I have some trouble booting the kernel of my server. The server is a Sun X4150, the OS is installed on a Sun StorageTEK (aka Adaptec) SAS Raid. Before I installed the latest Bios / Firmware, everything worked fine. But after I installed the latest firmware, I couldn’t boot the system. After grub, I only saw this: http://img21.imageshack.us/img21/868/sierra.png

First of all, I thought something is wrong with the filesystem of my /boot partition. So I started the system from a boot cd.  That worked without problems. I checked all filesystems, no errors. I also installed grub on the /dev/sda. But that didn’t help. Only after the downgrade to an earlier version, I was able to boot the system again. 

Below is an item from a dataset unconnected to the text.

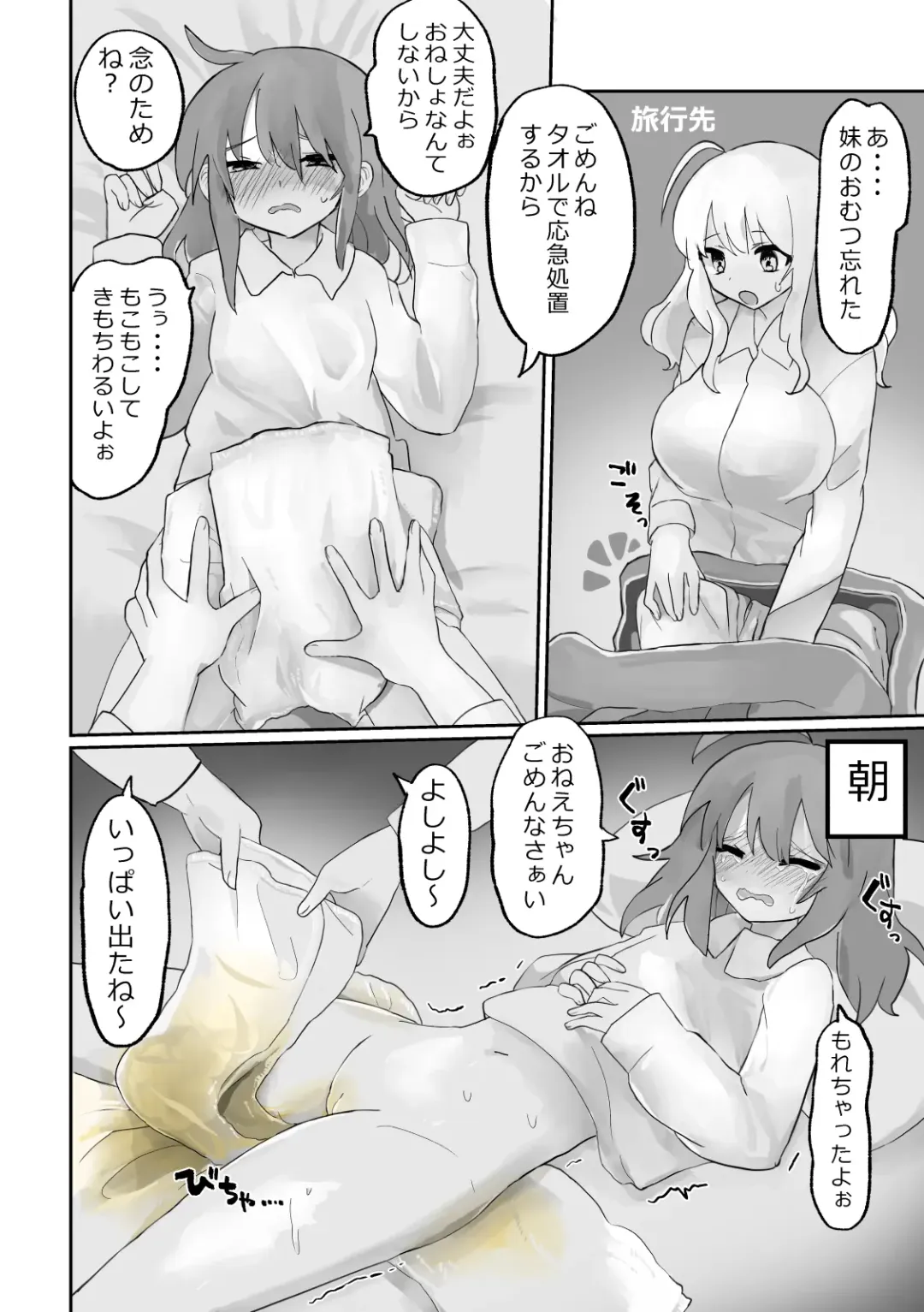 [Tokumei Kitsune] Small Ska Peeing Short Story Collection Fhentai.net - Page 22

Can somebody tell me, what I can do to boot the sys with the new firmware?

----------

## Jaglover

 *Quote:*   

> So I started the system from a boot cd.

 

Kernel on the CD boots, your kernel does not. Investigate what's different?

----------

## LL0rd

 *Jaglover wrote:*   

>  *Quote:*   So I started the system from a boot cd. 
> 
> Kernel on the CD boots, your kernel does not. Investigate what's different?

 

and how??

----------

## Jaglover

By comparing their config files. LiveCD kernels usually have their conf in /proc/config.gz. And you probably know where you keep yours.   :Wink: 

----------

## LL0rd

Your idea is to compare the config files?!?

First of all, I don't think, the server even loads the kernel. Then I don't think, that the update to a new Firmware added or removed hardware and breaks the configuration of the existing kernel.

----------

## Jaglover

According to your sierra.png kernel is booted.

 *Quote:*   

> Then I don't think, that the update to a new Firmware added or removed hardware and breaks the configuration of the existing kernel.

 

Right, so it works then ... is that what you are saying?

Think clear now. Obviously your new firmware requires something your kernel does not have. May be ACPI implementation is changed, for instance. Or IRQ handling. Something your old kernel does not do because of a misconfigured feature. Or whatever. Maybe your new firmware requires newer kernel. You didn't mention versions.

If you don't like my idea of comparing config files - don't. We live in free world. Good luck.   :Wink: 

----------

## LL0rd

 *Jaglover wrote:*   

> According to your sierra.png kernel is booted.
> 
> 

 

I don't think so....

Normally I get a message like

 *Quote:*   

> Uncompressing Linux... Ok, booting the kernel.

 

What's why I think, the kernel does not boot

----------

## Jaglover

 *LL0rd wrote:*   

>  *Jaglover wrote:*   According to your sierra.png kernel is booted.
> 
>  
> 
> I don't think so....
> ...

 

Yes, that's quite correct. Kernel does not boot. Bootloader loads it and it doesn't boot. So my humble mind thinks there is something wrong with that kernel of yours. I really would like to know what we are talking here about.   :Rolling Eyes: 

One more time, I appeal to common sense.

0. Your kernel does not boot.

1. LiveCD kernel does.

I'd compare kernel versions and config files.

But indeed, I'm not there looking over your shoulder.

----------